■ Directions for this task
The answer is to be the lines of the material from its start through the line containing "Bandolier Emma black", each copied exactly; no pictures.

■ Data records
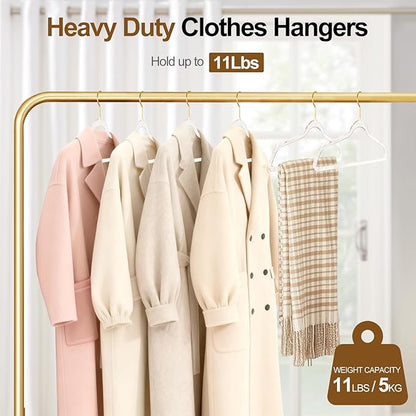FUDESY Clear Plastic Hangers 50 Pack, Acrylic Clothes Hangers with Gold Glitter, Heavy Duty Hangers, Space Saving, Ultra Slim, 360° Swivel Hook, Non-Slip Notches, for Coats, Suits, Dress, Pants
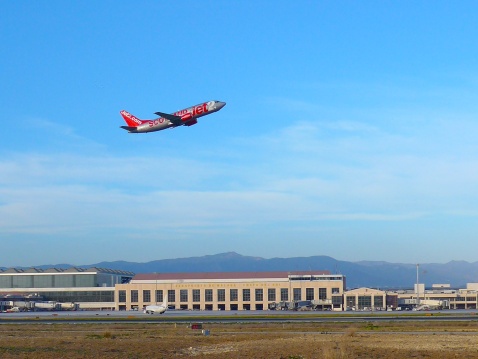 Taking off from Malaga Airport 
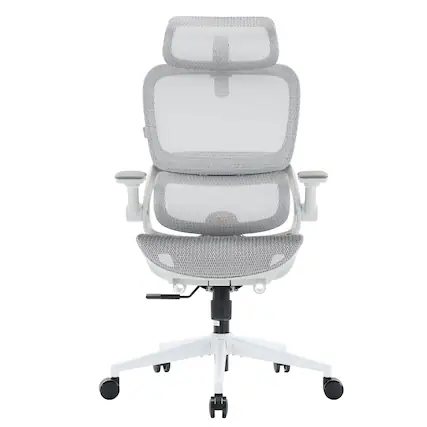 Front. SIHOO - B100 Pro Ergonomic Office Chair, Desk Chair With Adaptive Elastic Lumbar Support, 3D Ultra-Wide Headrest, 4D Arms - White.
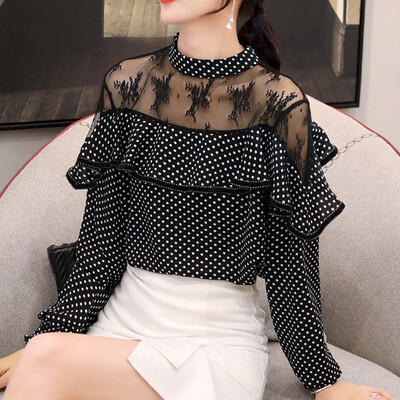 

Tailored Womens Polka Dot Printed Long Sleeve Chiffon Lace Hollow Out Chiffon Blouse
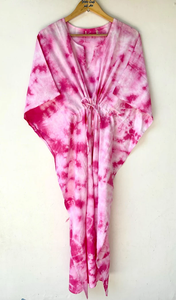 Nuevo Kaftán Naaz Textile de Lujo con Estampado Animal, Cuello en V, Cordón Ajustable, Manga Corta, Corte Evase, Estilo Indio, 100% Algodón, con Encaje, para Mujer, Verano - Product Image 4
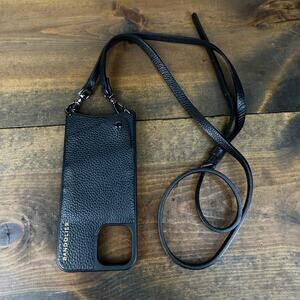 Bandolier Emma black pebble leather crossbody Iphone 14 pro max case strap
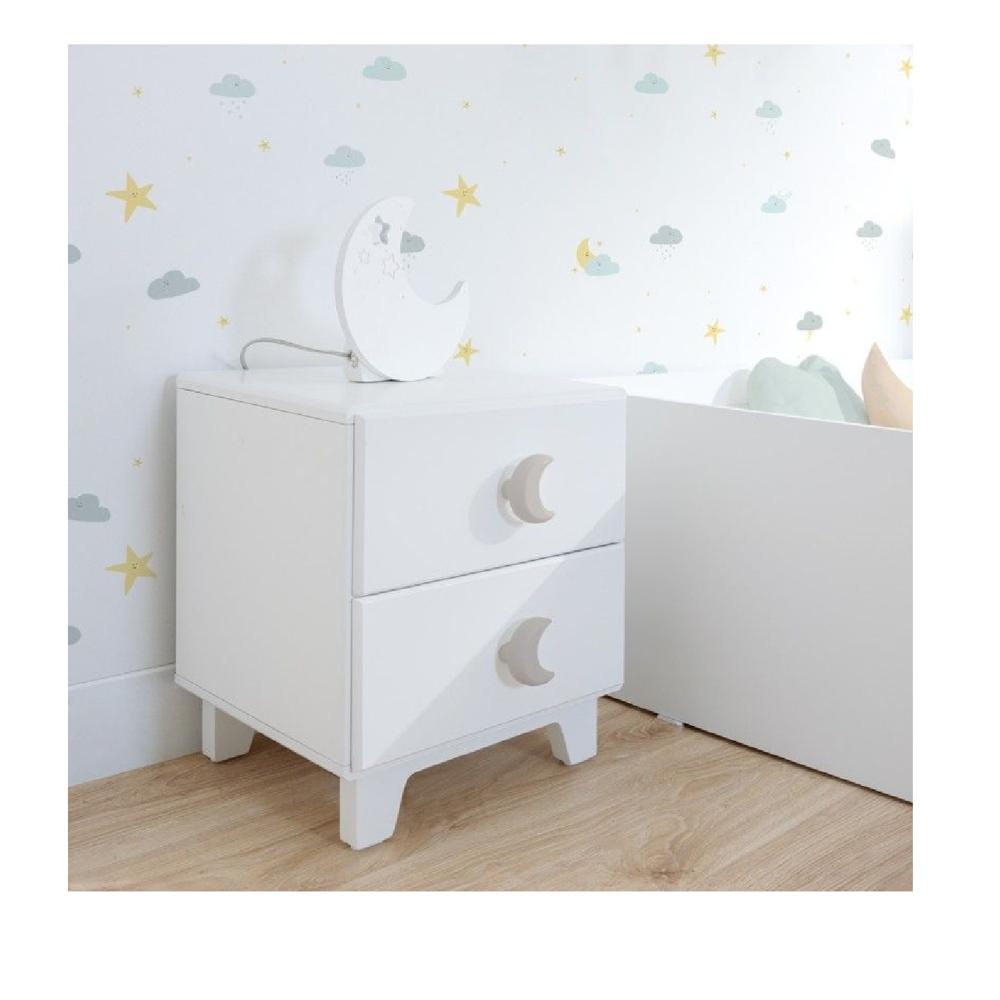 Mesa de Noche Infantil Nicoll color Blanco 2 cajones TU MESITA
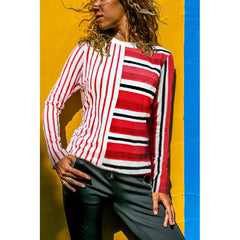 Women's Loose Round Neck Stripe Splicing Long Sleeve T-Shirt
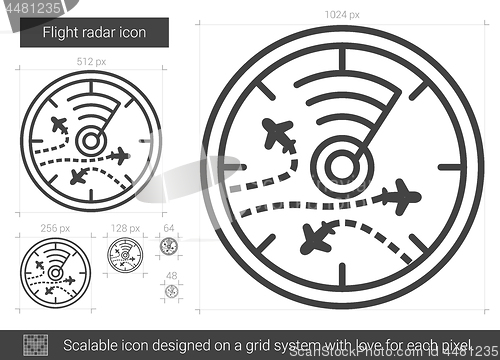 Image of Flight radar line icon.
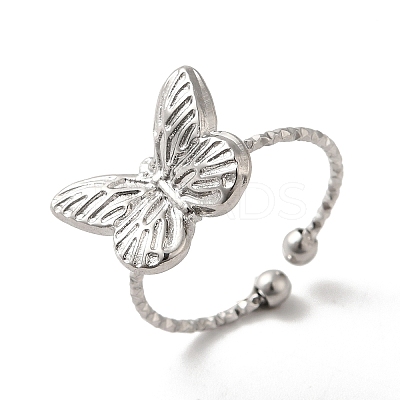 Non-Tarnish 304 Stainless Steel Butterfly Open Cuff Rings for Women X-RJEW-H136-05P-1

■ Output of the task
FUDESY Clear Plastic Hangers 50 Pack, Acrylic Clothes Hangers with Gold Glitter, Heavy Duty Hangers, Space Saving, Ultra Slim, 360° Swivel Hook, Non-Slip Notches, for Coats, Suits, Dress, Pants
 Taking off from Malaga Airport 
 Front. SIHOO - B100 Pro Ergonomic Office Chair, Desk Chair With Adaptive Elastic Lumbar Support, 3D Ultra-Wide Headrest, 4D Arms - White.

Tailored Womens Polka Dot Printed Long Sleeve Chiffon Lace Hollow Out Chiffon Blouse
 Nuevo Kaftán Naaz Textile de Lujo con Estampado Animal, Cuello en V, Cordón Ajustable, Manga Corta, Corte Evase, Estilo Indio, 100% Algodón, con Encaje, para Mujer, Verano - Product Image 4
 Bandolier Emma black pebble leather crossbody Iphone 14 pro max case strap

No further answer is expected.